After a discussion with city planners, the Friends of the Halifax Common are unimpressed that the city wants do more study before returning land to parks.
By Jamie Lee <jamie.lee@dal.ca>
Posted: Nov. 7, 2007

When people refer to the Common, they usually mean this open field. But the Friends of the Halifax Common notes that the Common extends to South Street and includes the hospitals and schools in the area. Photo: Jamie Lee
Beverly Miller shakes her head as she listens to Halifax planning officials list deficiencies in the city's own plan for the Halifax Common.
“I’ve been very familiar with it,” says the co-chair of Friends of the Halifax Common. “I don’t see those contradictions.”
At the group’s meeting on Tuesday night, Peter Bigelow from the Halifax Regional Municipality said the Halifax Common Plan has paragraphs that contradict themselves. He says everyone has to re-address the plan and amend it before moving forward.
But Miller doesn’t think the plan needs revising at all. “Leave it alone. It’s fine,” she adds. “Start enforcing it.”
Bigelow, manager of Real Property Management, was a guest speaker at the Friends’ public meeting. He spoke alongside Andy Fillmore from the city's urban task force about what the city plans to do with the Common.
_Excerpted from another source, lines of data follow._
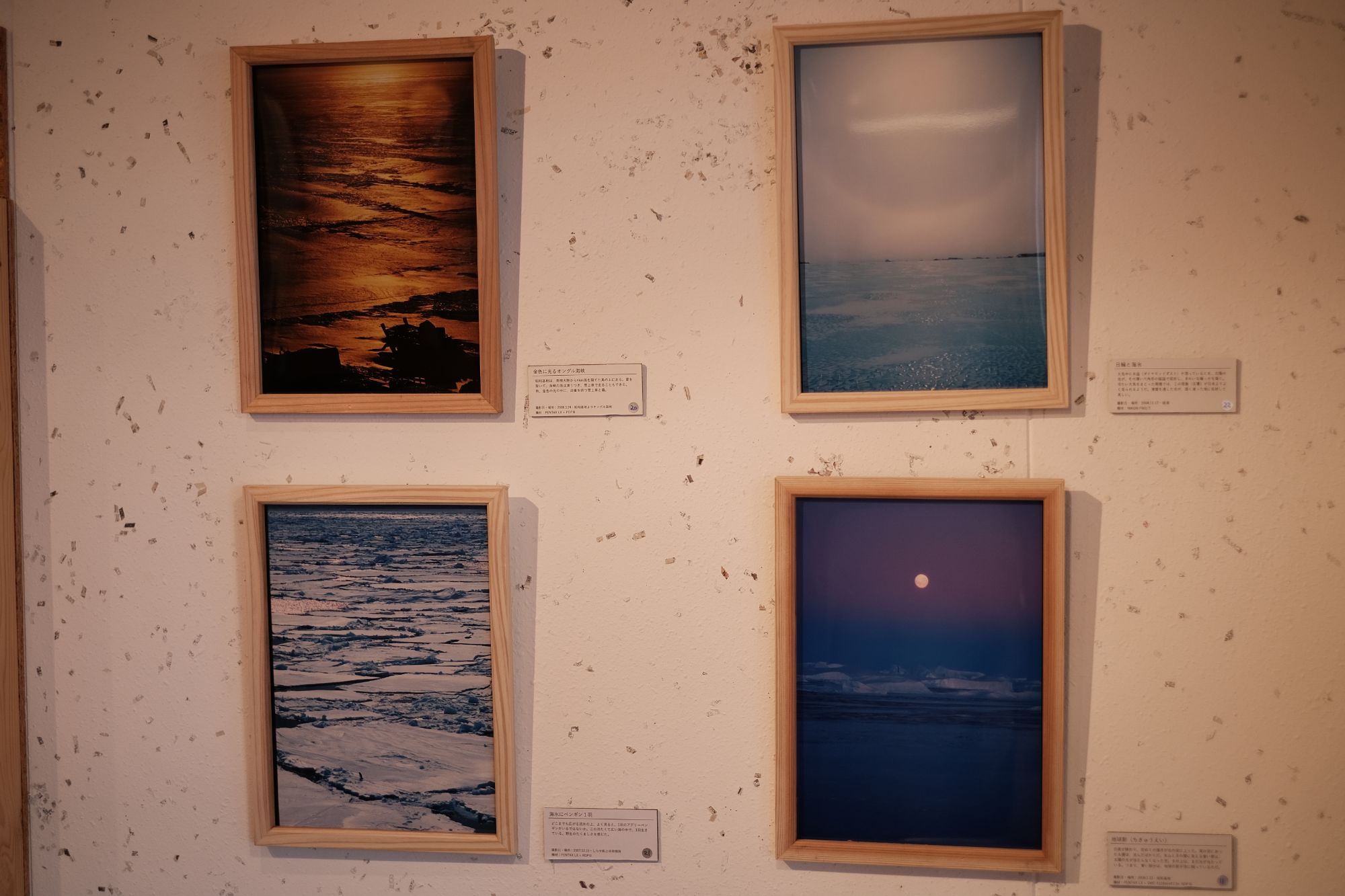 壁に飾られた4枚の額入り写真には、水辺や流氷の風景がそれぞれ異なる色調で写されており、夕焼けの水面、青みがかった静かな氷原、砕けた流氷が広がる地形、そして月が浮かぶ海のような景色が並ぶ自然風景の写真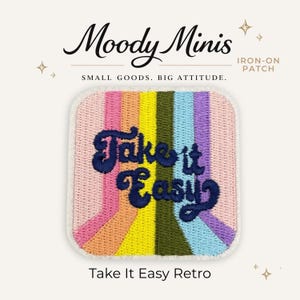 May include: A square iron-on patch featuring vertical rainbow stripes in pink, orange, yellow, olive green, light blue, and purple. The dark blue embroidered text reads Take it Easy in a cursive font. The patch has a white border and rounded corners.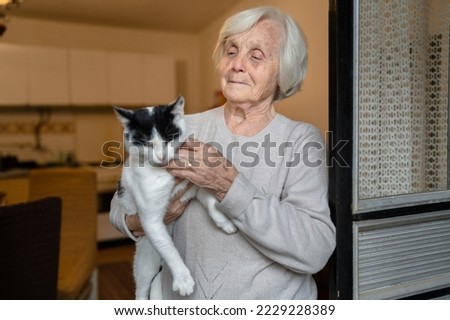one woman senior old female caucasian pensioner standing at home alone waist up portrait look to the camera hold cat pet dementia alzheimer's disease and depression concept emotion copy space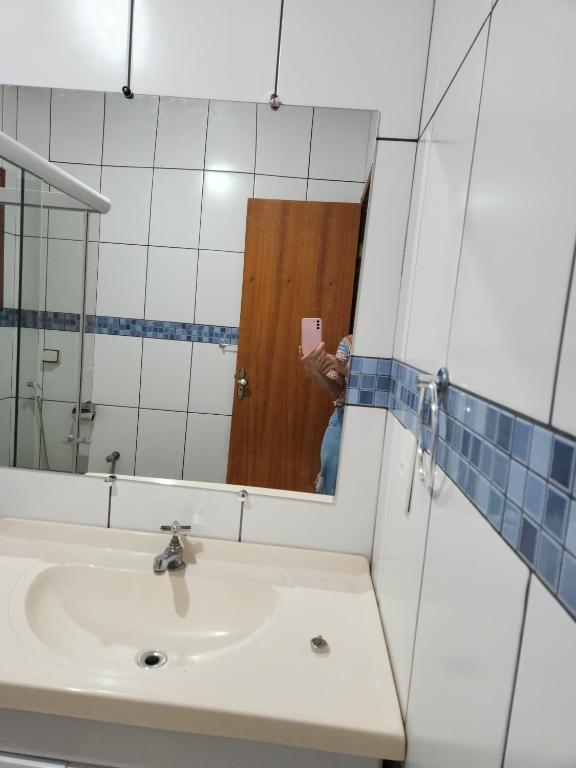 eine Person, die ein Bild von einem Badezimmerspiegel macht in der Unterkunft Hospedagem Vanilda in Nova Friburgo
Bigelow talked about future meetings that would address certain parts of the Common such as the site of Queen Elizabeth High at the corner of Robie Street and Quinpool Road. A review of the entire Halifax Common Plan won’t come until winter, he says.
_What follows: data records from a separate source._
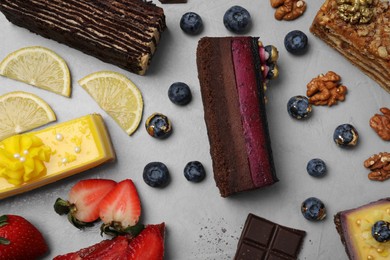 Photo of Flat lay composition with different tasty cakes on light grey table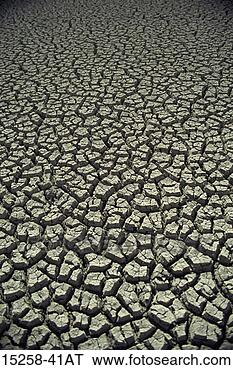 Stock Photo - cracked mud in 
a dry lake or 
river bed. fotosearch 
- search stock 
photos, pictures, 
images, and photo 
clipart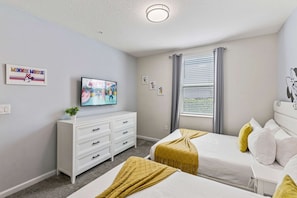 - Step into a magical retreat with a fun Mickey & Minnie themed bedroom
- Unwind in cozy twin beds while enjoying your favorite Disney movies on the smart TV
- Thoughtfully designed with bright decor, comfy linens, and a playful Disney touch - Kissimmee Retreat: Cozy 2BR Condo near Theme Parks (Kissimmee)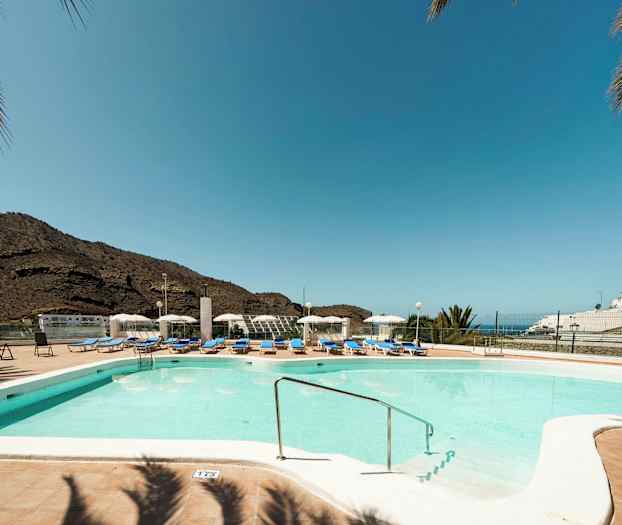 Utomhuspool med solstolar och parasoll, berg i bakgrunden och klarblå himmel. (AI-genererad text)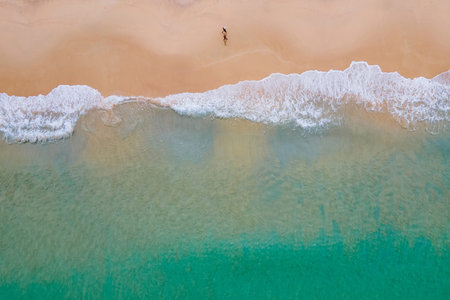 Aerial view of turquoise ocean wave reaching the coastline with tourist couple waking on the beach....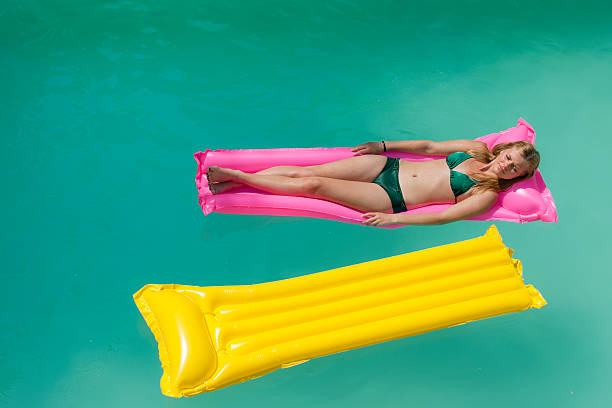 istock sunbathing girl on pink pool raft 182195793
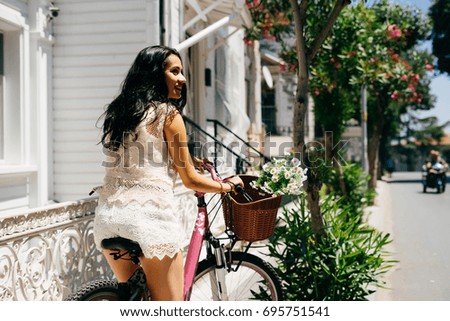 Eastern girl sitting on vintage bicycle with bucket of flowers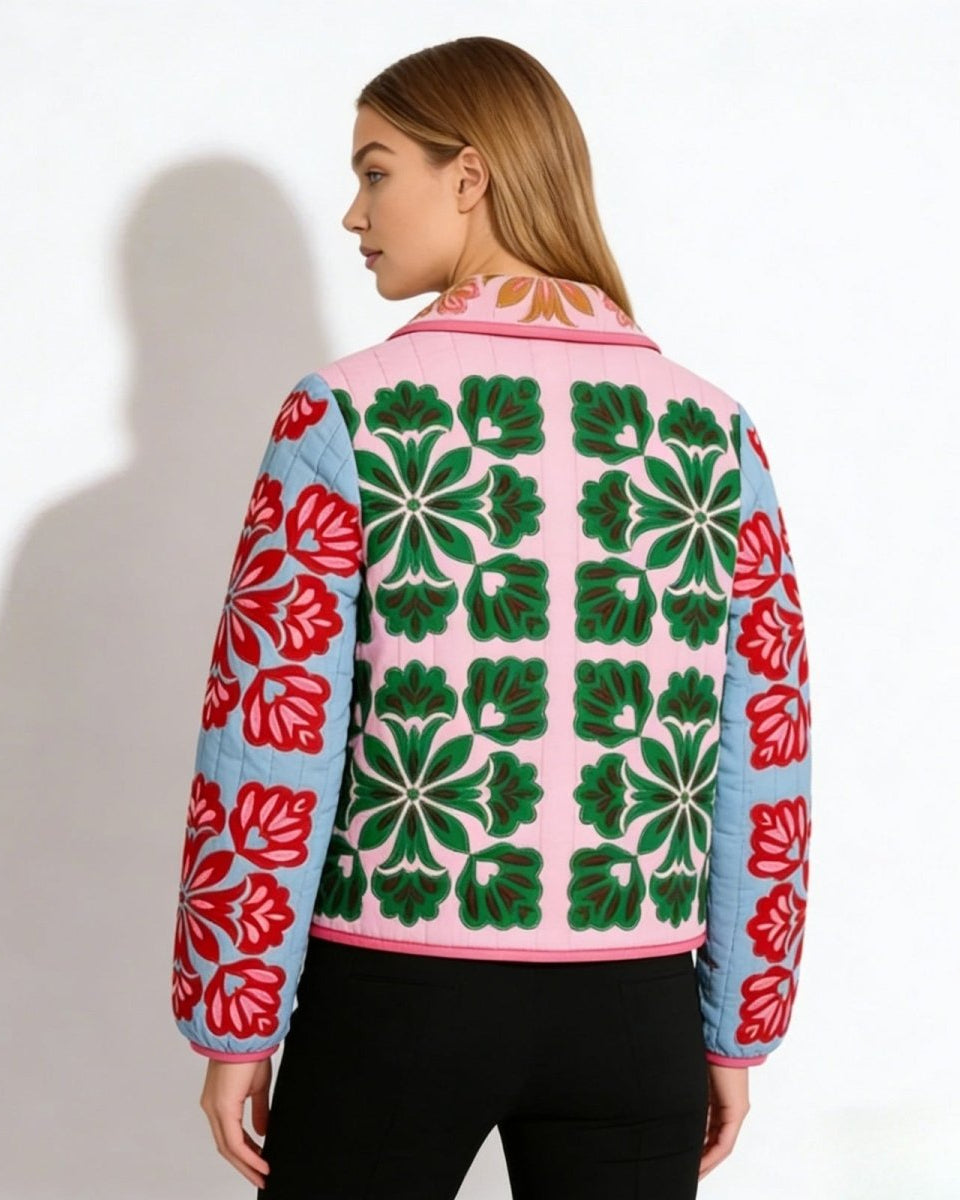 Back view of the quilted jacket, highlighting the symmetrical green floral embroidery pattern on the pink back panel.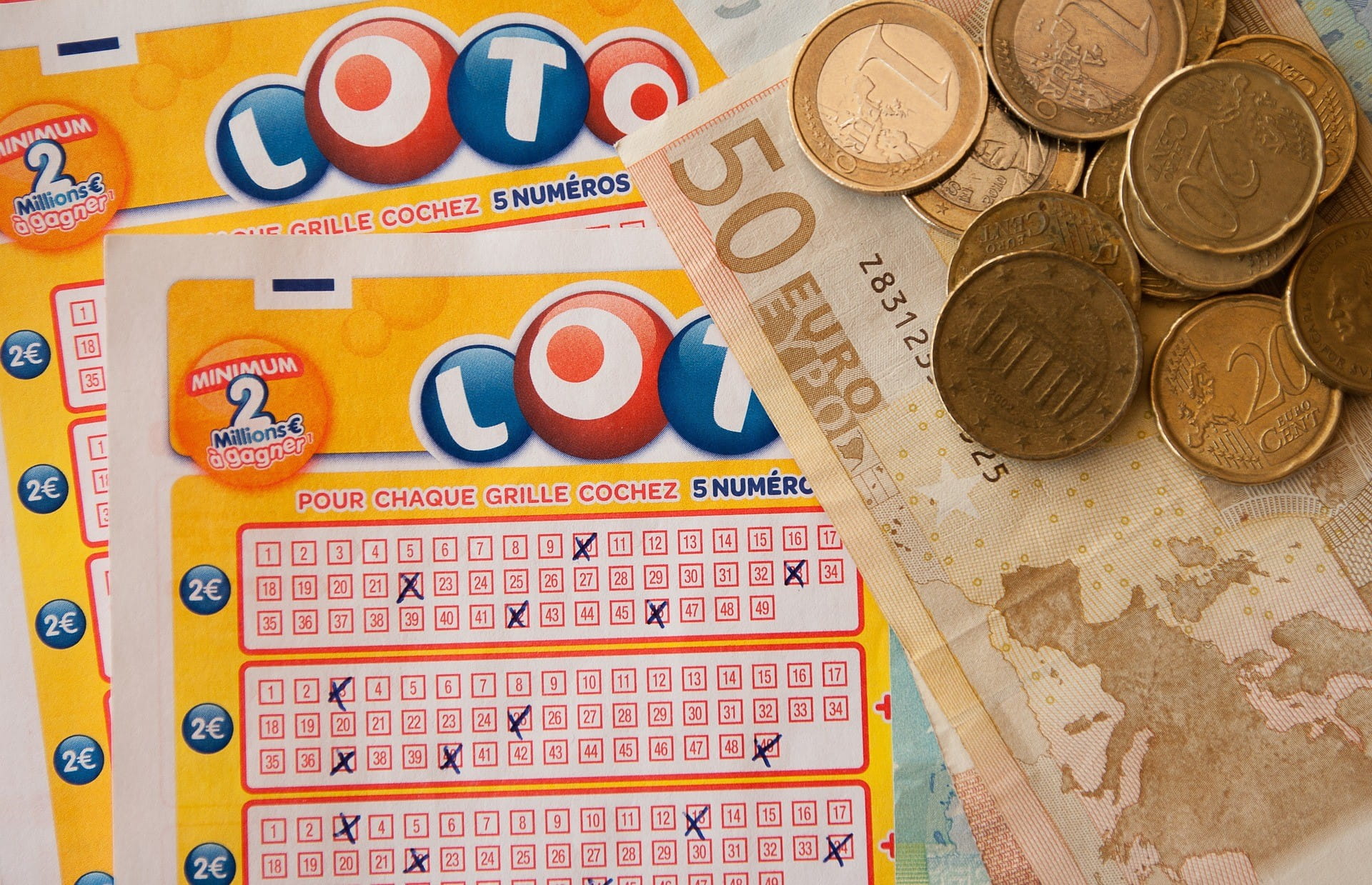 Ada banyak koin dan uang kertas 50 euro pada dua tiket lotere.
The question and answer period became passionate as the meeting’s participants wanted to know why the city wasn’t following the plan.
It seems the city doesn’t care, agreed many of the residents, who believe the city has given in to development interests. The Common has been designated for public use since the 1700s but the city has since been carving off pieces of the Common for development interests.
About 30 people attended the meeting to remind the city that the plan was written to protect the Common.
The city authored the Halifax Common Plan in 1994. The document lays out the Common’s purpose and how it should be maintained.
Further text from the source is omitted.